▶ PROMPT
In the entries below, count every line that has the string "Mount", and answer with that count alone.

--- DATASET EXCERPTS ---

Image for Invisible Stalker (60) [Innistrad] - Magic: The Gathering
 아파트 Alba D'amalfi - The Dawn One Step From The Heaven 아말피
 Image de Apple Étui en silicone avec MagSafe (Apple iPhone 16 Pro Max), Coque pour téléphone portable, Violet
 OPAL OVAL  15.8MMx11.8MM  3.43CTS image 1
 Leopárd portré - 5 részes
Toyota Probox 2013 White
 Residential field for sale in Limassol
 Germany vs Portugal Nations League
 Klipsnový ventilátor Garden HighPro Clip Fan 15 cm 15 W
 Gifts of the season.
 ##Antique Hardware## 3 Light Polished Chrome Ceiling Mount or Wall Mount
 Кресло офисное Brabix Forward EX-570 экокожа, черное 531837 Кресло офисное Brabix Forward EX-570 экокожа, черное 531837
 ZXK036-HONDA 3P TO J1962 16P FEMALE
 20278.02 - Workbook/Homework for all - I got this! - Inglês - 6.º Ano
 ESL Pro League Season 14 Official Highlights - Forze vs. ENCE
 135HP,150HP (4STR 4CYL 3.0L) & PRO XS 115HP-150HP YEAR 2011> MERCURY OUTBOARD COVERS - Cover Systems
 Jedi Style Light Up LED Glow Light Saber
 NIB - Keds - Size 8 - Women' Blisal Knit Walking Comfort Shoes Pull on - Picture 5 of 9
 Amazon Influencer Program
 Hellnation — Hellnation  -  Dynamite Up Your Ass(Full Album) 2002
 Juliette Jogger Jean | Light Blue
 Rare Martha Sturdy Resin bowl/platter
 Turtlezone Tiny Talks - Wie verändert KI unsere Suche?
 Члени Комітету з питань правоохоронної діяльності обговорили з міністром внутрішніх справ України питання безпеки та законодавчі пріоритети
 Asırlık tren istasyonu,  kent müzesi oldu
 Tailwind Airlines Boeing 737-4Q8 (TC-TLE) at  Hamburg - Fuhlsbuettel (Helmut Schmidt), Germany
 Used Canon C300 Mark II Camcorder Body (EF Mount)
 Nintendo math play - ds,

---

▶ ANSWER BOX
2